賃貸アパートでタバコを吸うことのデメリットは?

室内でタバコを吸うことで引き起こす問題は、

・ 壁や天井に黄ばみが染み付く

・ 臭いが染みつく

次に入居する人にとって、タバコの黄ばみや臭いがある家は住みたくないでしょう。

通常の汚れとタバコ汚れの違いは?
通常の汚れとタバコ汚れの違いは?

賃貸物件を退去するときには、基本的に入居前と同じ状態にして返却するということが、国土交通省の「原状回復をめぐるトラブルとガイドライン」によって定められています。

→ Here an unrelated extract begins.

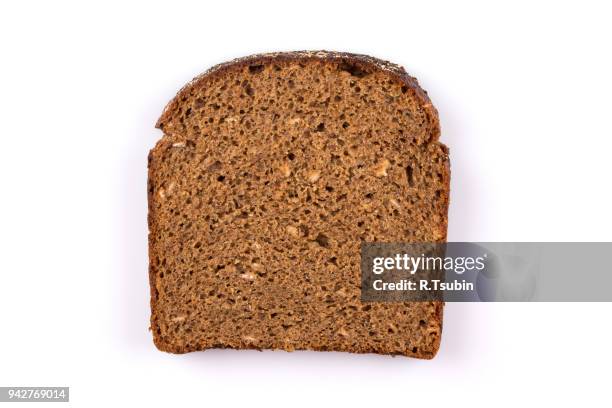 sliced of black bread - roggebrood stockfoto's en -beelden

これを原状回復と呼び、退去時に原状回復できない状態であれば修繕が必要です。

タバコによる汚れは原状回復の判断においてどのように扱われるのでしょうか。

通常の汚れとタバコの汚れはどう違うのか。ガイドラインを参考に確認していきます。

目次

タバコの汚れと原状回復の関係は?

原状回復とは?

「原状回復をめぐるトラブルとガイドライン」が活用されるのは、退去するときです。

ガイドラインに沿って原状回復の判断が行われ、必要があれば修繕が施されます。

原状回復といっても退去時にすべてを元通りにする必要はありません。

経年劣化・減価償却を考慮するので、例えば壁紙・クロスは年々価値が下がっていきます。耐用年数も決められていて、6年経てばほとんど価値がなくなるとされています。

仮に壁紙に修繕が必要な汚れを付けたとしても、価値を考慮した上で費用負担となるのです。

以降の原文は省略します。